One of the critical issues in computer science right now is the limits to how fast a single CPU can calculate.  While Moore’s law is still going strong in a literal sense — i.e. the number of transistors which one can put on a chip is doubling every 2 years or so — this doubling of transistors is not leading to a doubling in CPU speed as it used to over the last few decades.  Well, at least not for typical programs (eg Microsoft Word).  In order to get big speed increases, there’sa major change in the programming paradigm.   One key change is the existence of "streaming processors."  GPU’s and the Cell processor in the PS3 are both examples of streaming processors.
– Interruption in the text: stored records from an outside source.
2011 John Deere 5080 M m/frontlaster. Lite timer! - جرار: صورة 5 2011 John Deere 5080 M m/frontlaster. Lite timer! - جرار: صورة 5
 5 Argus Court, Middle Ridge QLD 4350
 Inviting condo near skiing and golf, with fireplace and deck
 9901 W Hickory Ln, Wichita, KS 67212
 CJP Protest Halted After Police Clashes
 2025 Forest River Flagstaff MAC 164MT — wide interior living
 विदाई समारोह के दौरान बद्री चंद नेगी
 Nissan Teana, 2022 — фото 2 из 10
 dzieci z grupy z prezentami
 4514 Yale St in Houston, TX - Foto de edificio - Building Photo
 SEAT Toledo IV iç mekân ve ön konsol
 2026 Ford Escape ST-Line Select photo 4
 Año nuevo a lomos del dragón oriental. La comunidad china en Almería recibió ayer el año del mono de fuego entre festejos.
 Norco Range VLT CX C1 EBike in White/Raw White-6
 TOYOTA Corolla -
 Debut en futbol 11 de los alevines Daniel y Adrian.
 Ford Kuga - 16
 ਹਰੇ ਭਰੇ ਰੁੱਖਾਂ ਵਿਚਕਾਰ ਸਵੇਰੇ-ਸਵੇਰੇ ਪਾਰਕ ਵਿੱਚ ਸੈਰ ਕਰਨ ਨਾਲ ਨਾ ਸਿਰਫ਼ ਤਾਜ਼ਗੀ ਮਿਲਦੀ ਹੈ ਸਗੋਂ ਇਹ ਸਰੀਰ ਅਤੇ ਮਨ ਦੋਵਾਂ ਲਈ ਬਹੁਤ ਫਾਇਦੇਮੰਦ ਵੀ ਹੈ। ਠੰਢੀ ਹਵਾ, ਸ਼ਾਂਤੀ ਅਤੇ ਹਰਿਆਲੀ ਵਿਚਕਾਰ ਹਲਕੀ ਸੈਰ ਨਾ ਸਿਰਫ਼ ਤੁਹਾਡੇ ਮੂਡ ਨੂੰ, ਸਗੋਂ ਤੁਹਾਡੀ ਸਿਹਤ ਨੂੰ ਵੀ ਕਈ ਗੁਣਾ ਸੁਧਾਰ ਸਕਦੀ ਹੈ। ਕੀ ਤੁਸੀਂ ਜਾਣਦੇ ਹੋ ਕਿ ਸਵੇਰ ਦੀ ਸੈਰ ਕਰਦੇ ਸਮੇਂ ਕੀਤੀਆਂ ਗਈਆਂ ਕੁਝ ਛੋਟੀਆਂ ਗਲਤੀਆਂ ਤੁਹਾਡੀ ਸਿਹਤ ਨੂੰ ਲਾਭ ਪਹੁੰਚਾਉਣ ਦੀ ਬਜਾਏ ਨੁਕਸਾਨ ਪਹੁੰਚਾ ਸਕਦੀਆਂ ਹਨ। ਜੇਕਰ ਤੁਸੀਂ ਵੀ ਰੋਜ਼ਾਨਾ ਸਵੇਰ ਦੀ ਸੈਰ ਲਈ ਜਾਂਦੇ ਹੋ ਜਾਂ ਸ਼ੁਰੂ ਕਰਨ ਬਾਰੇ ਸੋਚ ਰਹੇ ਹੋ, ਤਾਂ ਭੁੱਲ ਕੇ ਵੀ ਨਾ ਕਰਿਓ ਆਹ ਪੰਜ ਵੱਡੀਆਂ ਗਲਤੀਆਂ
What makes streaming processors potentially much faster than regular CPU’s is how they handle computation vs memory access.  Normal CPU’s use lots and lots and lots of transistors on cache (local memory on the CPU chip to help keep the CPU fed with data and instructions).  Streaming processors use the additional transistors on additional computing elements (eg floating point units).  By doing so, they can do lots of FLoating point OPerations per second (FLOPS) in an optimal situation, although getting one’s code to behave optimally is not easy.  Typically this means balancing FLOPS with memory access to make sure that there’s data available for calculation.  This has been the primary challenge in our GPU and PS3 codes, and is something which we have, for the most part, figured out for a significant subset of the calculations we run on FAH.

These advances have lead to our GPU and PS3 clients.  The family history of all of this starts with the GPU core.  This GPU code was then brought over to the PS3 and enhanced.  We are working to bring back some of those scientific enhancements back to the GPU code.  This is all pretty bleeding edge, but so was distributed computing in 2000 when we started.  Our expectation is that given how modern processors are developing, in 8-10 years streaming processors will be much more standard and will be a major way in which FAH works. 

Finally, it’s also interesting to think of how CPU’s may themselves turn into streaming processors.  As CPU’s add more cores, they start to have more functionality similar to streaming processors in a limited way.  Perhaps more interesting are some of the new chips rumored to be developed at Intel and AMD/ATI.  Intel’s 80-core chip is very interesting and something which our code would likely run well on.  Also, the fusion of AMD’s CPU’s with ATI’s GPU’s could be very exciting, potentially bringing the best of both worlds.  We’re looking forward to these and lots of other emerging technology.  FAH is running very fast now (over a petaflop, i.e. 1,000,000,000,000,000 floating point operations per second !) and we look forward to continuing to push the frontiers.